Data extract »
- - -

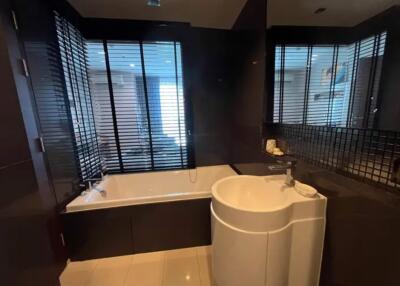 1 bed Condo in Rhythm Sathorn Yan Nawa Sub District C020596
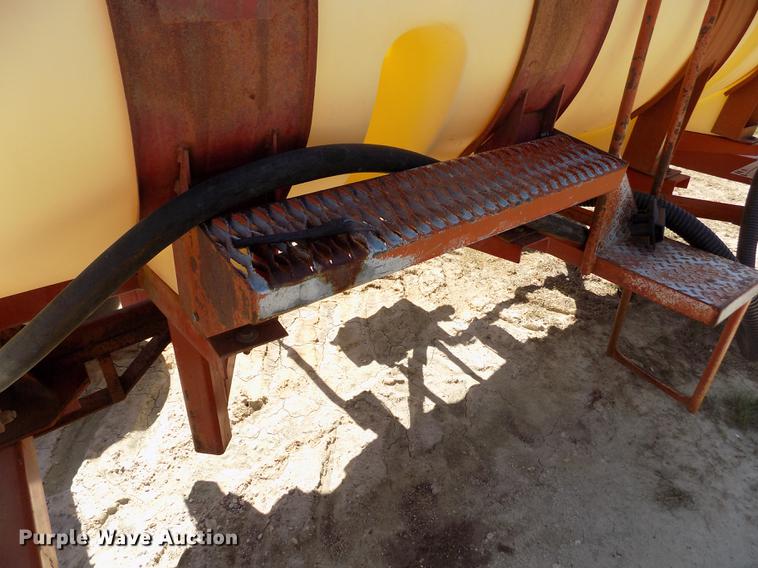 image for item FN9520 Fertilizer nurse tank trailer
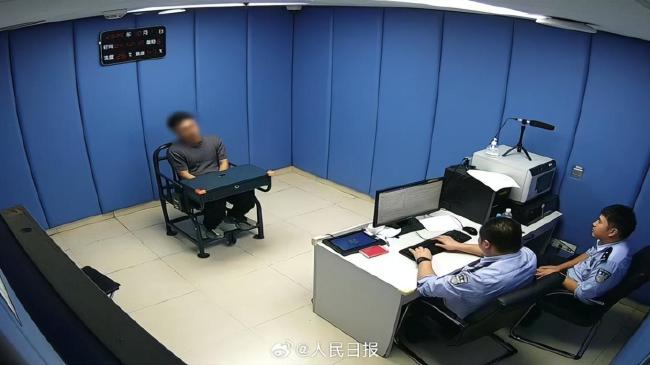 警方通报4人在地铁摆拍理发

- - -

About this task »
Would you print all of the material exactly as written, minus the pictures?

Task answer »
 1 bed Condo in Rhythm Sathorn Yan Nawa Sub District C020596
 image for item FN9520 Fertilizer nurse tank trailer
 警方通报4人在地铁摆拍理发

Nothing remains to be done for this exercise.